What is giant papillary conjunctivitis?


Giant papillary conjunctivitis, often abbreviated to GPC, is a condition in which the inner lining of the eyelid swells and develops small bumps. Known as papillae, these bumps tend to form after chronic irritation and usually result from wearing contact lenses over time. These bumps can expand and combine, leading to larger growths and a cobblestone-like appearance.

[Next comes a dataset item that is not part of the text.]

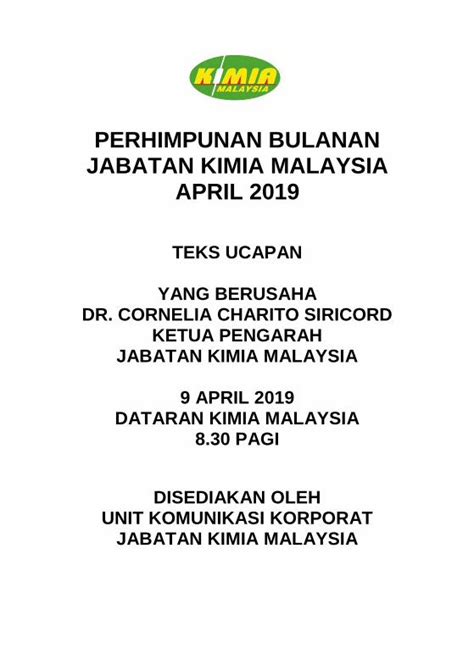 PDF PERHIMPUNAN BULANAN JABATAN KIMIA MALAYSIA APRIL Analisis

What are the symptoms of GPC?

People with GPC may experience a white discharge from the area, as well as suffering from redness, itching and light sensitivity. These problems often get worse when contact lenses are removed. Other symptoms include:

  • Increased mucous production
  • Foreign body sensation when contact lenses are removed
  • Wanting to remove contact lenses earlier in the day
  • Contact lenses moving around more
  • Contact lenses don't fit as well as before
  • Blurred vision

Burning sensationWhat causes GPC?

GPC is primarily a contact lens related condition, although the condition can develop in other circumstances such as in people who have artificial eyes or have exposed sutures in their eyes. GPC can be caused by a number of issues with contact lenses, including allergies to the chemicals used to clean them, the rubbing of the lenses against the eyelid, and protein deposit build-up on the lenses. People who already have allergies are thought to be more prone to developing GPC, as are those who wear soft rather than hard contact lenses. 

How is GPC diagnosed?

Visit your local optometrist and discuss your symptoms to discover whether you have GPC. They will likely take a careful history of your complaints and then observe your eyes under an upright microscope called a slit lamp. The optometrist will flip your upper eyelid outward to examine the inner eyelid, and may also apply a dye to temporarily stain the tissue for easier diagnosis. 

Are there treatments for GPC?

There are several treatments for GPC, although most people will simply be asked to remove their contact lenses until the irritation calms down. While it may only be a few weeks before the area heals, it can take six months or longer. This means you may need to consider alternative options for any vision problems you have, such as glasses. Other treatments can include switching out your cleaning solution if you are allergic to your current product, or swapping your contact lenses for a different type. Eye medications such as steroid drops may also be prescribed.